If this code below scrapes the first company name, IBM from a table, how would I code it to scrape all the company names from the first column in the table?

Pertinent Code:

table = wait.until(EC.presence_of_all_elements_located((By.CSS_SELECTOR, '#gridview-1070-record-2989')))

For instance, the next one I need is #gridview-1070-record-2990 and so on.

Current Result:

IBM

Desired Results:

IBM
Microsoft Corporation
Apple Corporation
Google
Tesla
etc.

Full Code:

from selenium import webdriver
from selenium.webdriver.support.ui import WebDriverWait
from selenium.webdriver.common.by import By
from selenium.webdriver.support import expected_conditions as EC
from selenium.webdriver.chrome.service import Service
import pandas as pd

   
options = webdriver.ChromeOptions() 
options.add_argument("start-maximized")
options.add_experimental_option("excludeSwitches", ["enable-automation"])
options.add_experimental_option('useAutomationExtension', False)
ser = Service("./chromedriver.exe")
browser = driver = webdriver.Chrome(service=ser)

driver.execute_cdp_cmd("Page.addScriptToEvaluateOnNewDocument", {
  "source": """
    Object.defineProperty(navigator, 'webdriver', {
      get: () => undefined
    })
  """
})
driver.execute_cdp_cmd("Network.enable", {})
driver.execute_cdp_cmd('Network.setUserAgentOverride', {"userAgent": 'Mozilla/5.0 (Windows NT 10.0; Win64; x64) AppleWebKit/537.36 (KHTML, like Gecko) Chrome/83.0.4103.53 Safari/537.36'})
wait = WebDriverWait(driver, 30)
driver.get("https://stockrover.com")
wait.until(EC.visibility_of_element_located((By.XPATH, "/html/body/div[1]/div/section[2]/div/ul/li[2]"))).click()
user = driver.find_element(By.NAME, "username")
password = driver.find_element(By.NAME, "password")
user.clear()
user.send_keys("vibajajo64")
password.clear()
password.send_keys("vincer64")
driver.find_element(By.NAME, "Sign In").click()
wait = WebDriverWait(driver, 30)


table = wait.until(EC.presence_of_all_elements_located((By.CSS_SELECTOR, '#gridview-1070-record-2989')))
for tab in table:
  print(tab.text)
undetected Selenium
  • 183,867
  • 41
  • 278
  • 352
J R
  • 185
  • 1
  • 1
  • 12
  • You seem to have posted your user name and access key in your code.
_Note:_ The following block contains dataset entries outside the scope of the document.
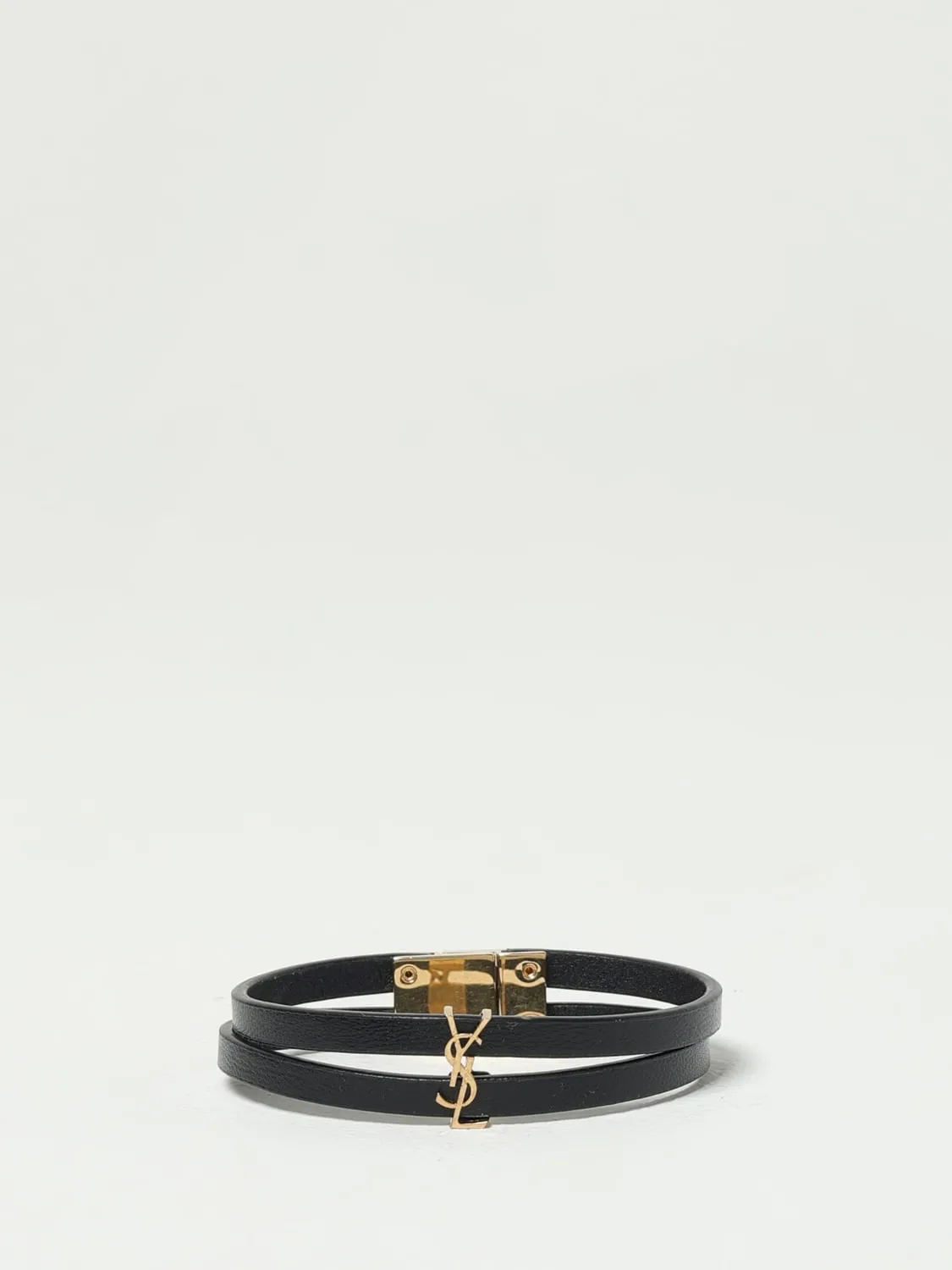 Bracciale Cassandre Saint Laurent in pelle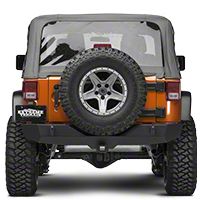 MBRP Spare Tire Relocate Bracket, Black Coated (07-13 Wrangler JK) - MBRP 130718
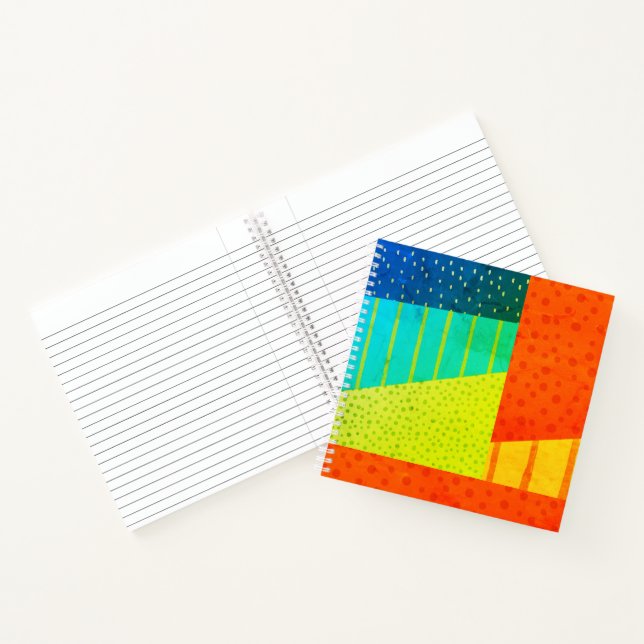 Rainbow-Punkte und -Linien Notizbuch (Innenseite)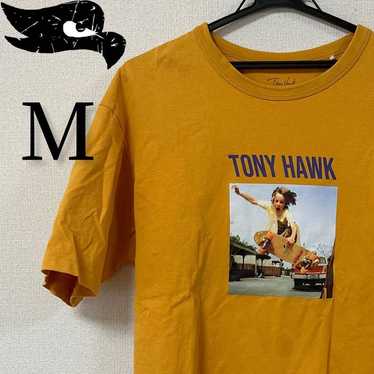 Tony Hawk Print T-shirt, Size M, Yellow. - image 1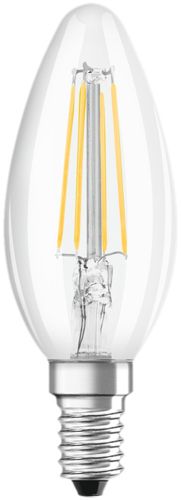 Лампа LED OSRAM диміруєма філаментна свічка CL B40 DIM 4,8W 2700K 230V FIL E14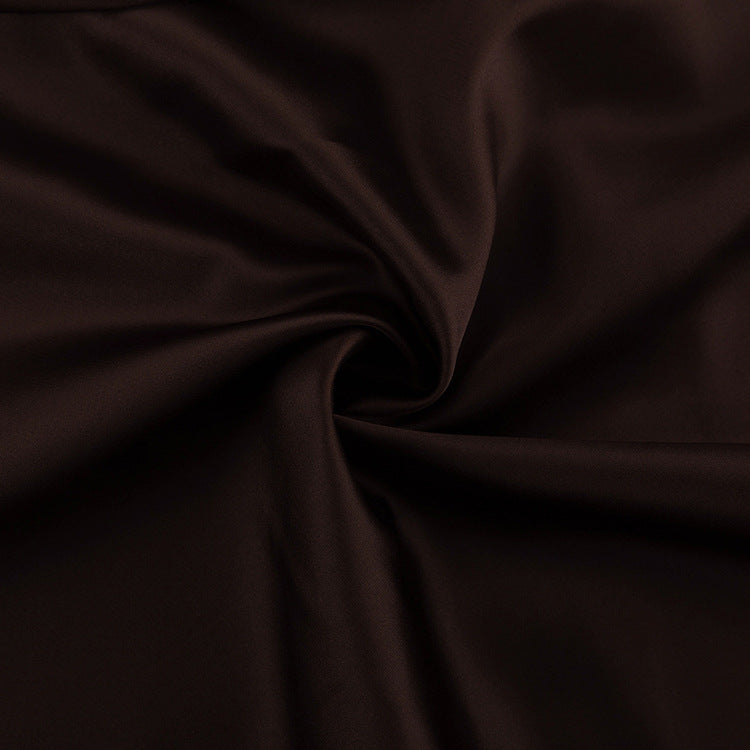 Vacation Brown Silk Set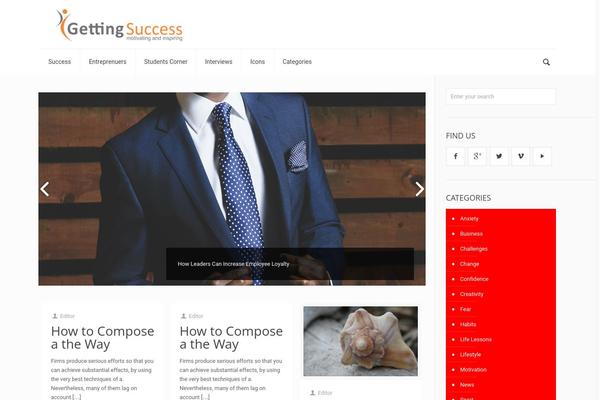 gettingsuccess.org site used Derailed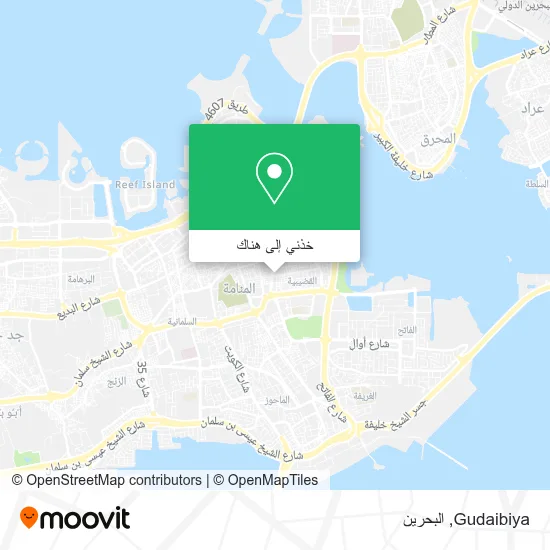 خريطة Gudaibiya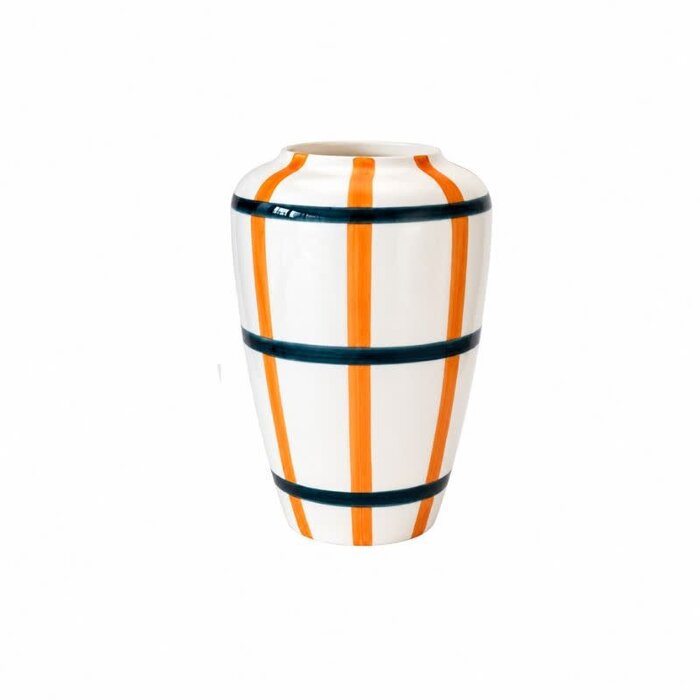 Val Pottery Vase funky carreaux - Val Pottery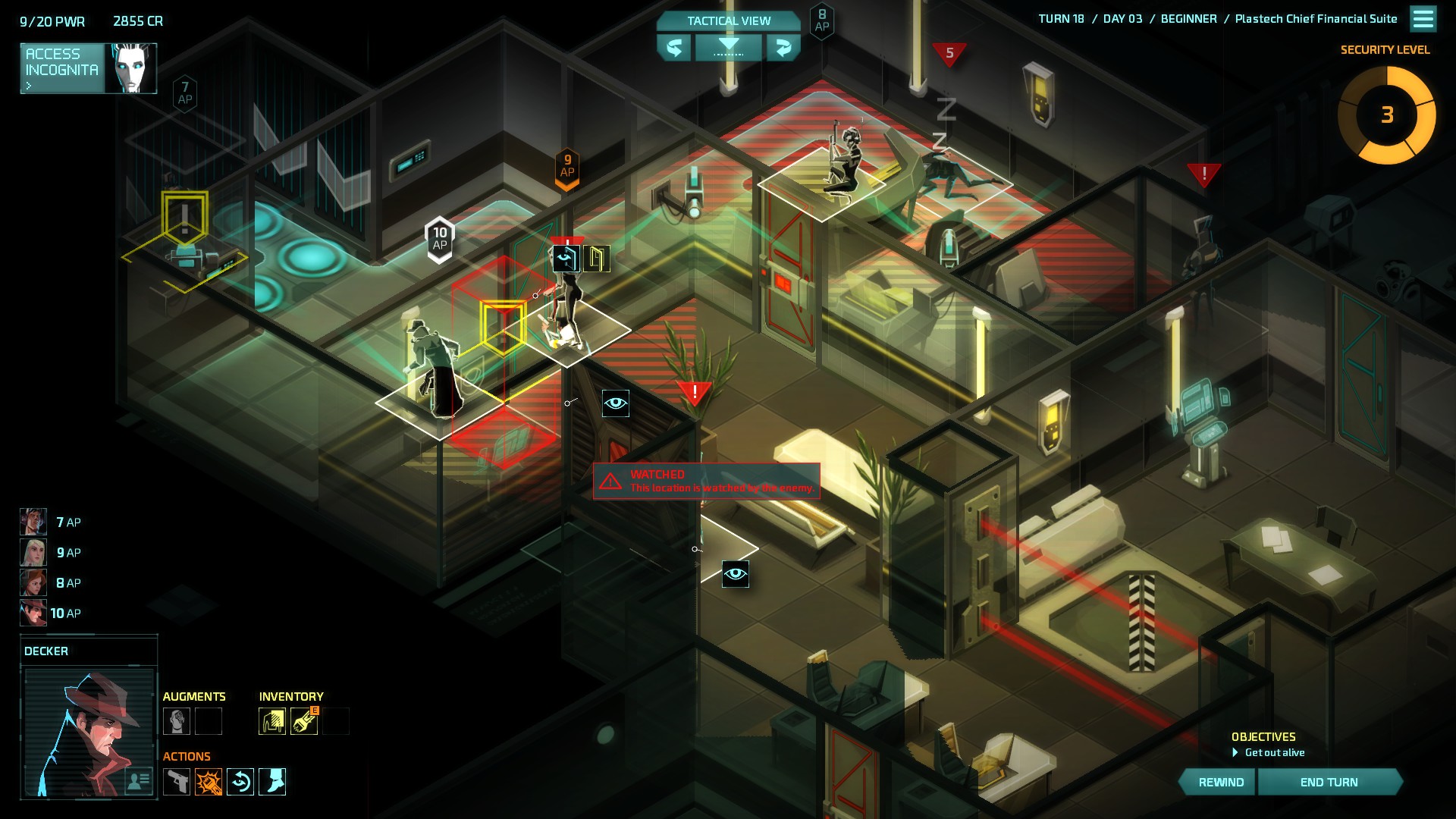Геймплей Invisible, Inc.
I suggest you delete your post, change your keys, remove your keys from the code and post the question again. – petezurich Feb 27 '22 at 16:50
  • 1
    Thanks, but it's just a dummy account with phony information. – J R Feb 27 '22 at 17:07

2 Answers2

1

To extract and print the texts e.g. IBM, Microsoft Corporation, etc from all of the <table> elements within the website stockrover, instead of presence_of_all_elements_located() you need to induce WebDriverWait for visibility_of_all_elements_located() and you can use either of the following Locator Strategies:

  • Using CSS_SELECTOR:

    print([my_elem.text for my_elem in WebDriverWait(driver, 20).until(EC.visibility_of_all_elements_located((By.CSS_SELECTOR, "table[id^='gridview-1070-record']")))])
    
  • Using XPATH:

    print([my_elem.text for my_elem in WebDriverWait(driver, 20).until(EC.visibility_of_all_elements_located((By.XPATH, "//table[starts-with(@id, 'gridview-1070-record')]")))])
    
  • Note : You have to add the following imports :

    from selenium.webdriver.support.ui import WebDriverWait
    from selenium.webdriver.common.by import By
    from selenium.webdriver.support import expected_conditions as EC
    
undetected Selenium
  • 183,867
  • 41
  • 278
  • 352
0

You can put the pertinent code in a for loop and then format the string inputted to search according to an index like so

table = []
for i in range(2989,"""the number of the last record you need"""):
table.append(wait.until(EC.presence_of_all_elements_located((By.CSS_SELECTOR, '#gridview-1070-record-{}'.format(i)))))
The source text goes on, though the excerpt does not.